[Opening Data for this task section]
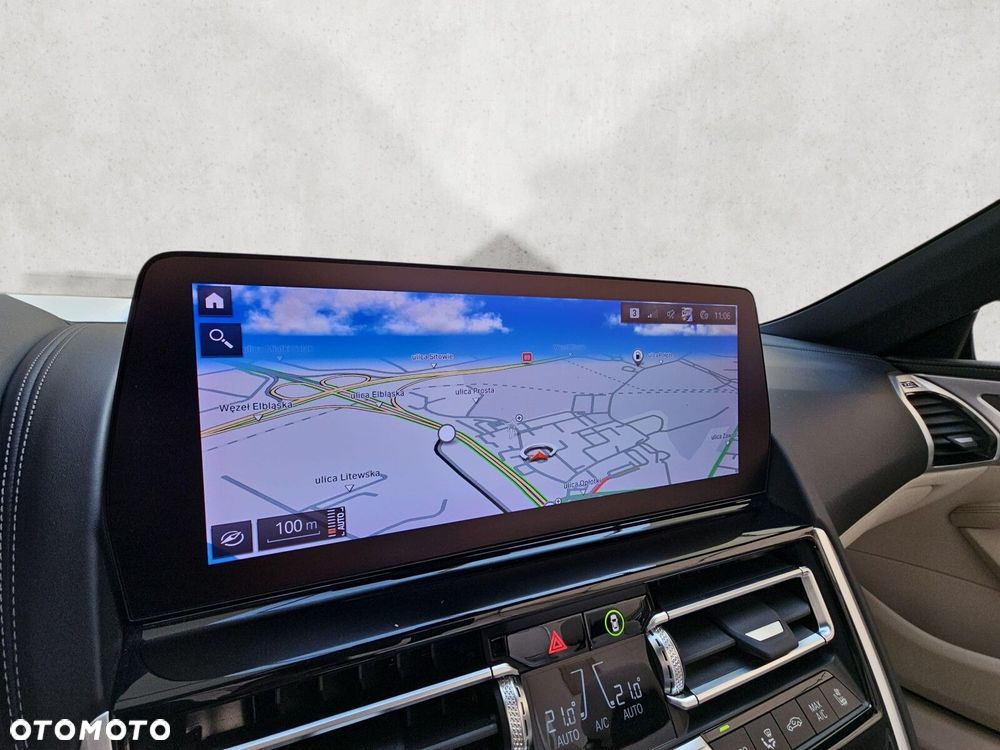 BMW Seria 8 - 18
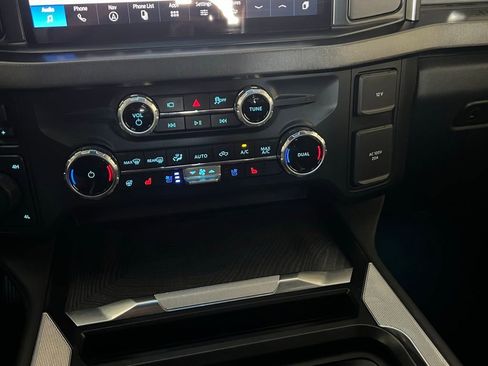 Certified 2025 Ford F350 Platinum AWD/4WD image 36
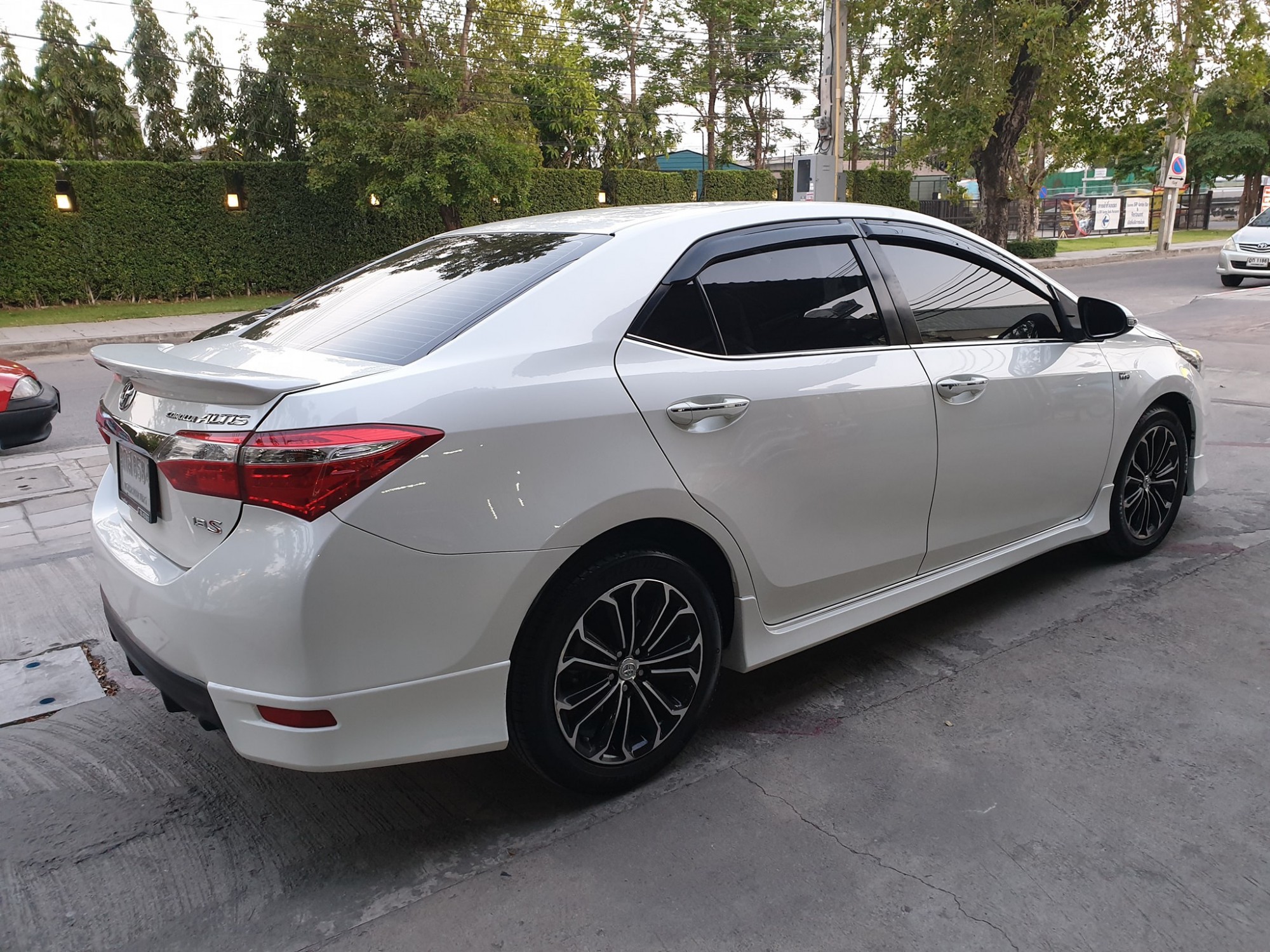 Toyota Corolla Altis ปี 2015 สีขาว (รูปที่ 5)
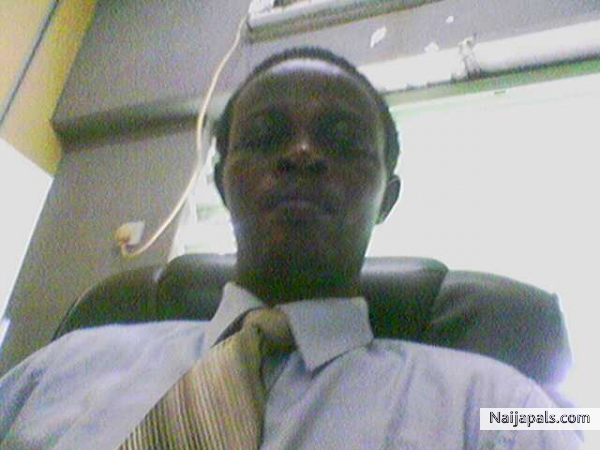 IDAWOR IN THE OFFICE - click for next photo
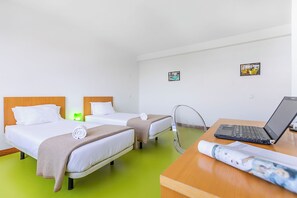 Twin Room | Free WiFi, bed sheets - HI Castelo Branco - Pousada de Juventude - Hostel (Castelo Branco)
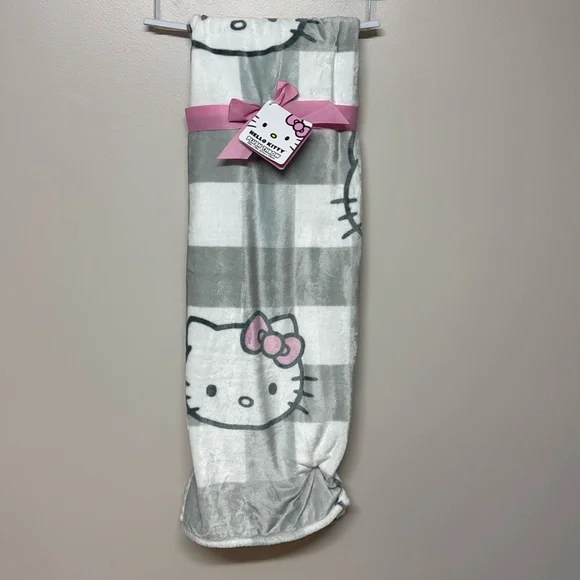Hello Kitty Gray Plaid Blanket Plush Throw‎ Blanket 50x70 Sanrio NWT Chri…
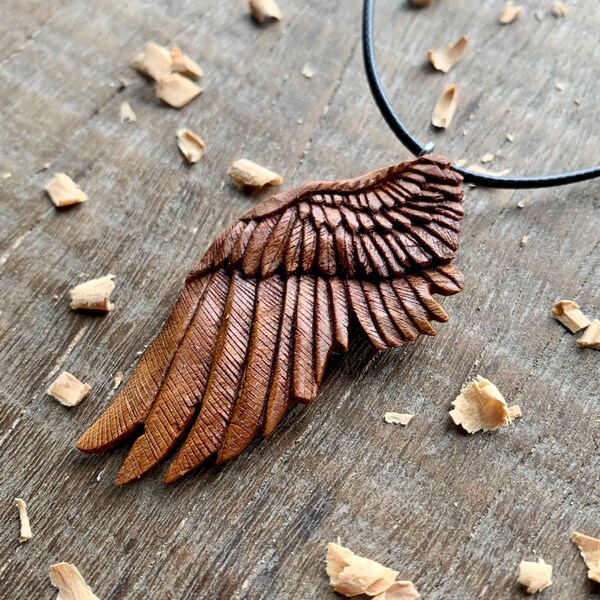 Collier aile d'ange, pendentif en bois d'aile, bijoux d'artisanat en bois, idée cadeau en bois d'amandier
[Closing Data for this task section]
■ **Task item**
In the copy, include each entry exactly as written and none of the pictures.

■ **Result of the task**
 BMW Seria 8 - 18
 Certified 2025 Ford F350 Platinum AWD/4WD image 36
 Toyota Corolla Altis ปี 2015 สีขาว (รูปที่ 5)
 IDAWOR IN THE OFFICE - click for next photo
 Twin Room | Free WiFi, bed sheets - HI Castelo Branco - Pousada de Juventude - Hostel (Castelo Branco)
Hello Kitty Gray Plaid Blanket Plush Throw‎ Blanket 50x70 Sanrio NWT Chri…
 Collier aile d'ange, pendentif en bois d'aile, bijoux d'artisanat en bois, idée cadeau en bois d'amandier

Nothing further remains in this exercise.